> STUDY MATERIAL
━━━━━━

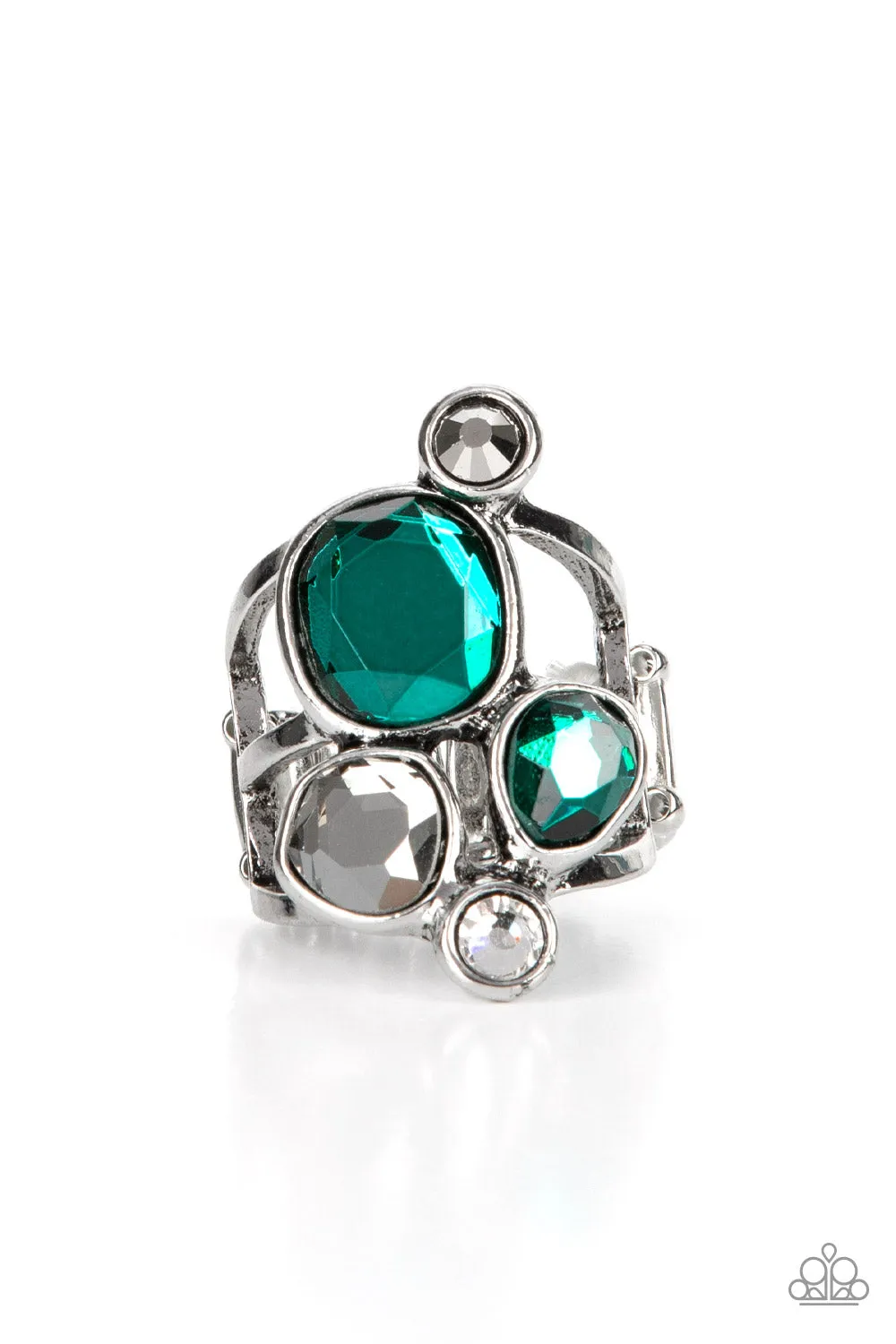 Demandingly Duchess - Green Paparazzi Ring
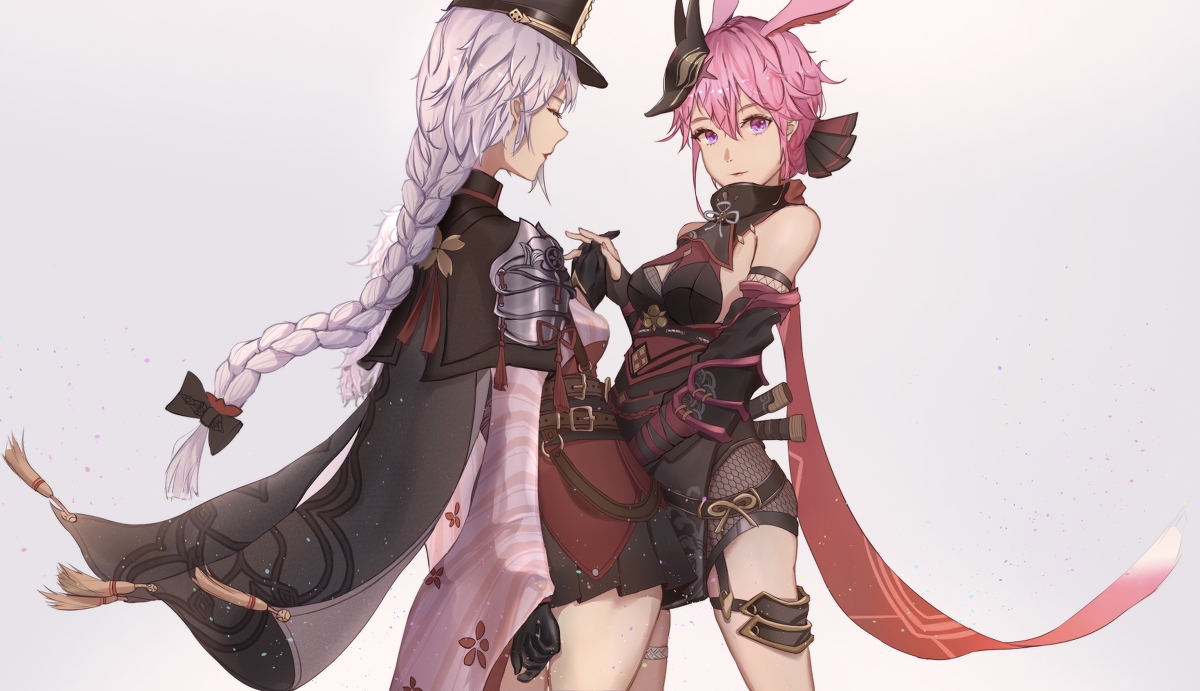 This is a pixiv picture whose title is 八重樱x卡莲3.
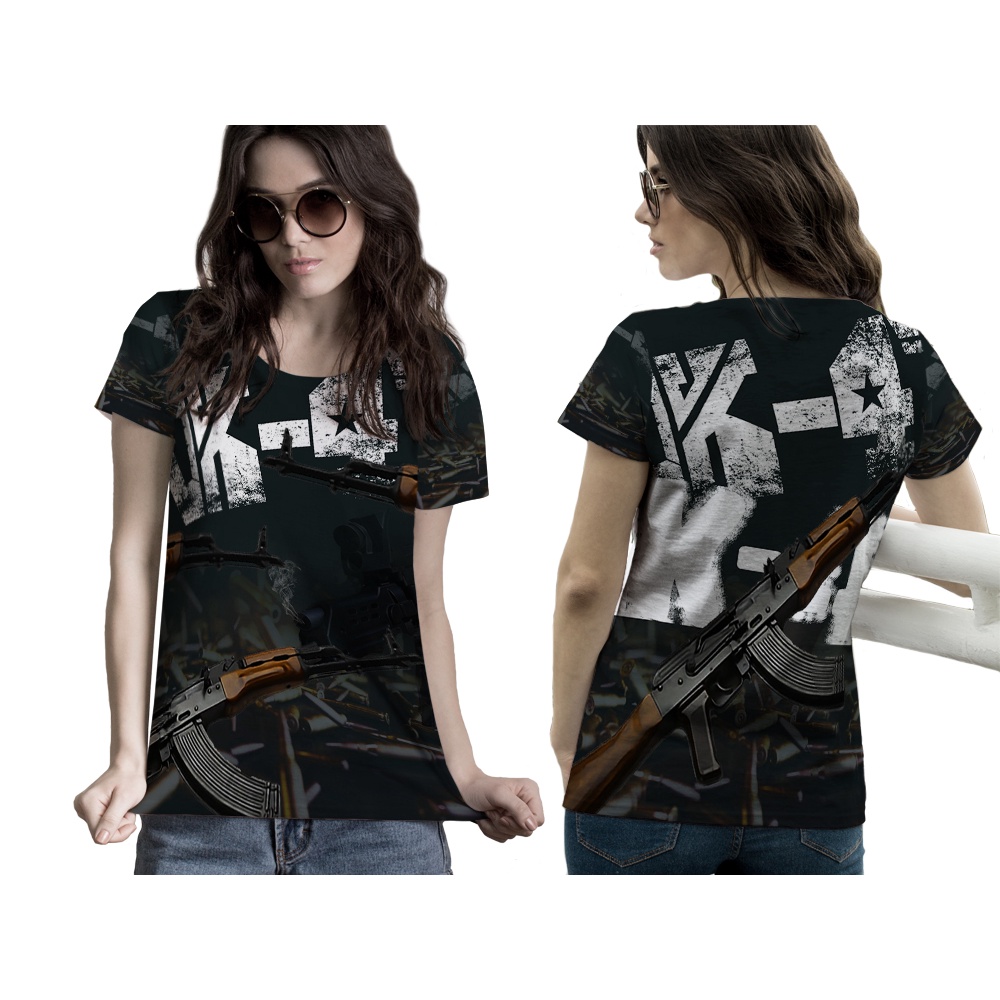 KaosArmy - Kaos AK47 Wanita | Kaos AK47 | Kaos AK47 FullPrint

━━━━━━

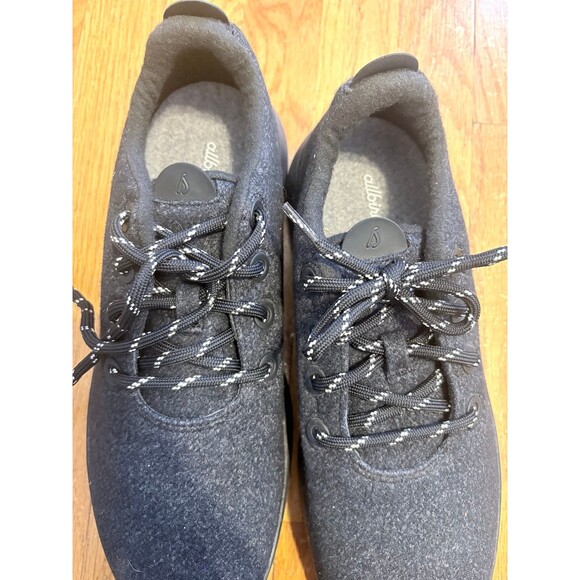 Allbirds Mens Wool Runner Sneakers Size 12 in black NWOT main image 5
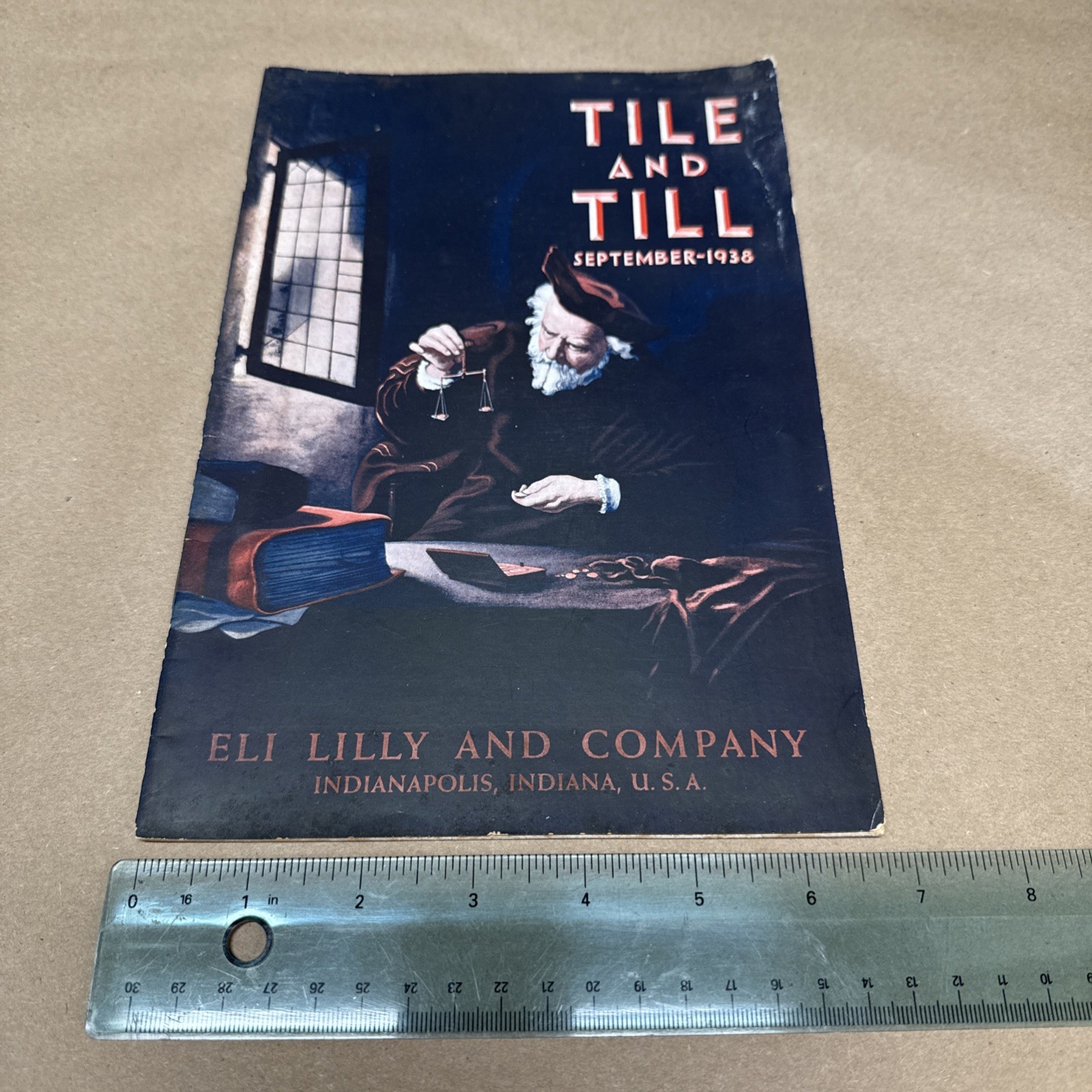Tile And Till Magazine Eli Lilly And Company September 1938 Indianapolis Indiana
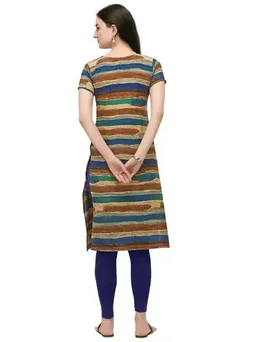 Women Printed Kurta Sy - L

━━━━━━

> YOUR GOAL
For this exercise, reproduce exactly the lines of the records above from the one with "Allbirds Mens Wool" up to and including the one with "Women Printed Kurta Sy - L", without pictures.

> RESPONSE AREA
 Allbirds Mens Wool Runner Sneakers Size 12 in black NWOT main image 5
Tile And Till Magazine Eli Lilly And Company September 1938 Indianapolis Indiana
 Women Printed Kurta Sy - L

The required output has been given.